The Kobeissi Letter reported that the news was framed as a “last-ditch effort” to prevent “massive strikes on Iranian civilian infrastructure.” It also noted that S&P 500 futures “erased all losses,” underscoring risk-asset sensitivity to war-related triggers, with Bitcoin described as not an exception.
Former hedge fund manager James Lavish told Cointelegraph that markets were pricing odds of the war ending sooner rather than later. He said a potential BTC drawdown in a “black swan” scenario could be up to 20%.
Markets are set to weigh war-related shocks alongside multiple US inflation releases. The Personal Consumption Expenditures (PCE) Index—described as the Federal Reserve’s “preferred” inflation gauge—is one of the key prints. The February PCE release matched market expectations but did not reflect inflation trends after the war began.
Mosaic Asset Company summarized in its “The Market Mosaic” newsletter that challenges around the inflation outlook remain a major risk, citing the jump in oil prices and potential spillover effects from fertilizer shortages on food prices.
The report also emphasized the week’s last and most important inflation number: the Consumer Price Index (CPI). It said oil-price moves are especially relevant for CPI given their direct impact on inflation trends.
Kobeissi commented that oil prices are crossing above $115 per barrel in the US, and that if current levels persist for another ~7 weeks, models indicate US CPI inflation could rise to ~3.7%. Kobeissi said its “base case” for CPI inflation is now 3%, higher than the Fed’s target.
Like PCE, the most recent CPI print was described as flat, helping temper the impact of earlier overshoots. CME Group’s FedWatch Tool was cited as showing practically no chance of the Fed changing rates at its next meeting at the end of April.
Despite the bullish technical signals, the article notes a bearish structure that some traders believe could still lead to lower prices. BTC/USD is described as testing support at the bottom of its second bear flag of 2026. The first bear flag, which appeared in January, resulted in a drop of roughly $25,000.

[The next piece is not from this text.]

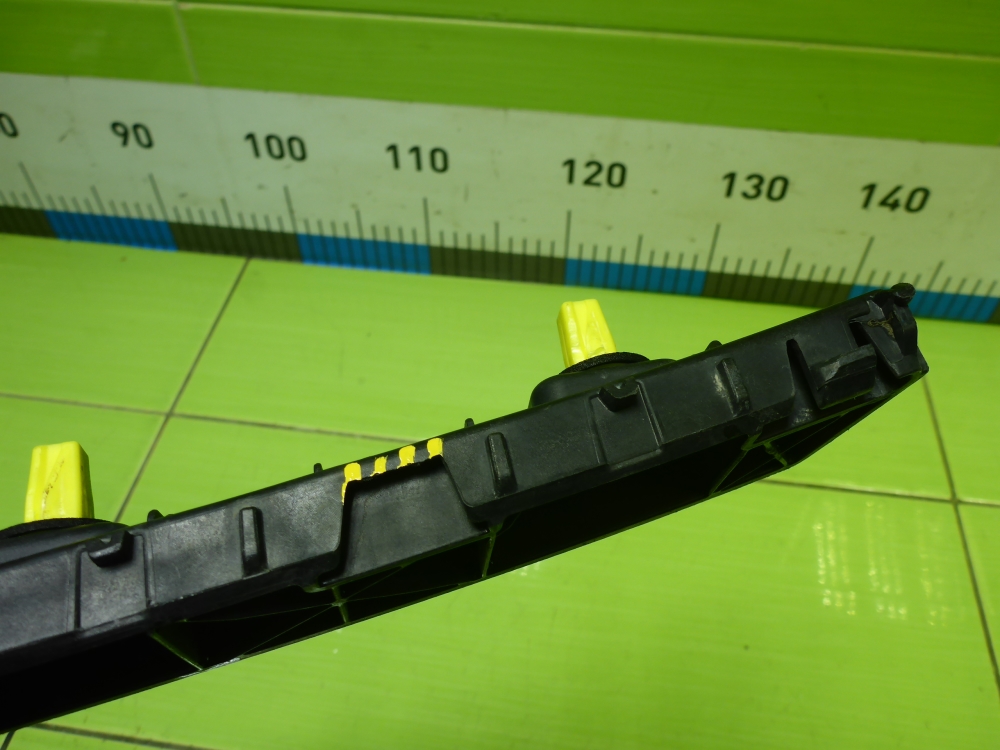 Кронштейн заднего бампера левый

Keith Alan, cofounder of Material Indicators, warned that BTC’s price action remains “nearly identical” to the prior bear flag structure. He said he is following the pattern “like roadmap until price deviates from that path.”
The report added that the bear flag could be invalidated by either an end to the war or a sufficiently strong Q2 Open, which would challenge resistance at the macro structure.